To make a big yoke, the first step is preparing a blank, the big block of wood from which the yoke is to be shaped. I have investigated various woods comparing density vs. strength and elasticity. My solution is to use locally harvested pine. This is relatively strong for the weight. Historically, in Utah, cottonwood was used for yokes but it is no longer available. I buy 8 foot 2X12’s which we plane and glue up using waterproof glue to make a 12”X12”X 96” blank. The laminate is stronger than a single big block. If the wood is not totally dry, the block should be wrapped in a plastic sheet to control the loss of moisture and prevent cracking.
The second step is to make a paper pattern. I am using essentially the pattern developed by Dick Roosenberg at Tillers International with a few changes to reduce the weight of the beam and the amount of wood at the ends of the yoke. Tillers International, 5239 South 24th Street, Kalamazoo, MI 49002-2019 can supply full size patterns for yokes and Dick has always been extremely helpful in this regard. The pattern is glued to the blank making certain that the center lines match on the top and side views.
The third step is boring the holes for the staple and bows. Mr. Russ Ross of Riverhouse Design in West Jordan, Utah, an extraordinary woodwright, helps with this step and the next. We use a Fostner bit with an extension mounted in a heavy duty drill for the holes for the bows. The pattern positions the holes and we place two carpenter’s squares along side the bit extension to ensure the holes are true. As a cautionary note, pull the bit back frequently to remove the chips. If the chips bind these big bits (2 ¼”), the operator rotates!
The next step is to saw the yoke following the pattern outline, wrap tape around to hold the scrap pieces in place, rotate the yoke 90 degrees, and saw following the other aspect of the pattern. It takes three of us to perform this operation on a big band saw but, when finished, the result is something that looks roughly like a yoke. New surfaces have been exposed. Wrap the yoke in a plastic sheet.
I take this out under a shade tree along with a pair of saw horses, various planes, draw shaves, and sanders and complete the shaping by eye and touch. This is very time consuming and often takes the better part of a couple of days. The draw shave can do a lot of the early shaping and a good belt sander with an extra coarse belt is almost essential. A power plane works well on convex surfaces.
When I am satisfied with the shape, I stain the yoke with a commercially available stain and coat it with a mixture of paraffin, boiled linseed oil, and turpentine.
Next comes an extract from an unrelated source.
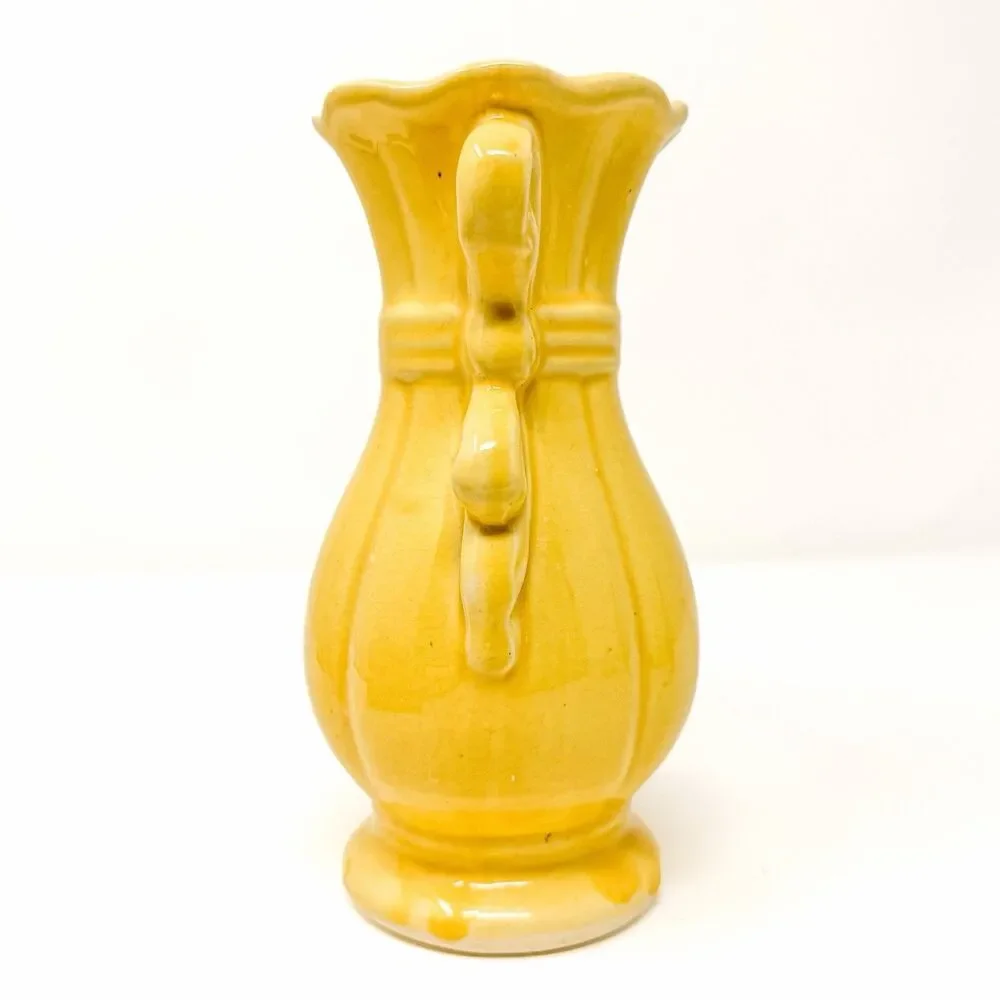 Vintage Brush McCoy 705 Yellow Ribbon Bow Vase 7” Art Pottery Cottagecore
This should be done immediately, again to control the rate at which moisture is lost.
The staple and ring are made by Mr. Gary Stewart of Draper, Utah. He uses 9/16 steel and forms them over mandrels that he has made for this purpose. The pattern was taken from two antique sets of staples and rings. Both sets are well worn and must have seen a lot of use. We thread the staple. I use a 5”X 8” X ¼” steel plate on the top side of the yoke to distribute the force. There is no need for any washers or plates on the bottom. Tillers International supplies the calabash ring. For historic authenticity I use square nuts on the staple. The draft chain can be sized according to the oxen. Be aware that not all chain of the same dimension has equal tensile strength. Generally one with a slip hook on one end and a grab hook on the other has advantages.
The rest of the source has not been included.